BEGIN

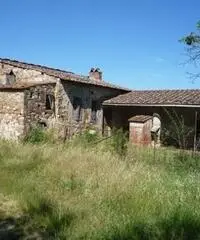 COLONICHE - COLONICA - FIRENZE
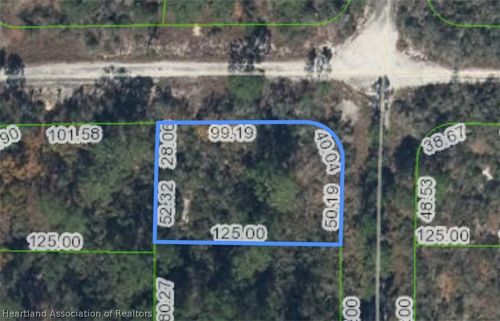 284 Rainbow Drive, Lake Placid, FL, 33852 | Card Image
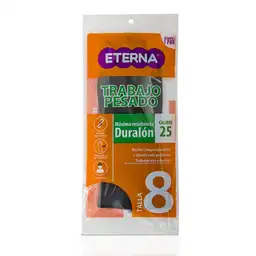 Eterna Guantes para Trabajos Pesados Duralón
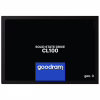 Накопичувач SSD 2.5" 480GB Goodram (SSDPR-CL100-480-G3) - Image 1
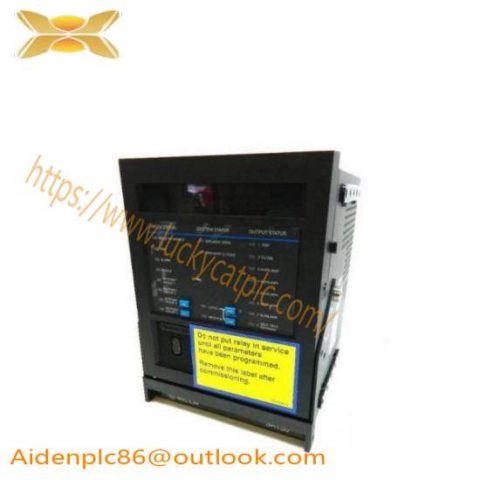 GE 745-W3-P511-G51-HI-R-E-H | GE-FANUC Relays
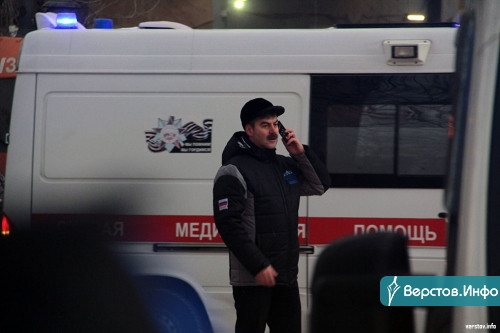 31 декабря, утро, 06:08. Три года назад произошла самая страшная трагедия в современной истории Магнитогорска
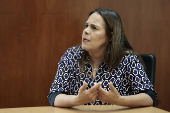 Candidata a magistrada impulsa justicia restaurativa y cultura de paz en Supremo mexicano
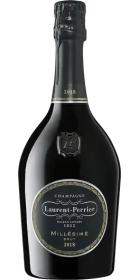 Laurent-Perrier Millésimé 2018
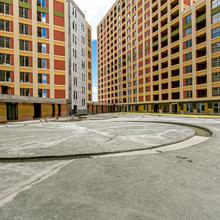 Хід будівництва ЖК San Francisco Creative House, 1, 2 будинки, травень 2020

END

--- WHAT THE EXERCISE ASKS ---
Once the line containing "31 декабря, утро, 06:08." is found, write out exactly that line and each line after it through the end of the entries, omitting pictures.

--- RESPONSE AREA ---
 31 декабря, утро, 06:08. Три года назад произошла самая страшная трагедия в современной истории Магнитогорска
 Candidata a magistrada impulsa justicia restaurativa y cultura de paz en Supremo mexicano
 Laurent-Perrier Millésimé 2018
 Хід будівництва ЖК San Francisco Creative House, 1, 2 будинки, травень 2020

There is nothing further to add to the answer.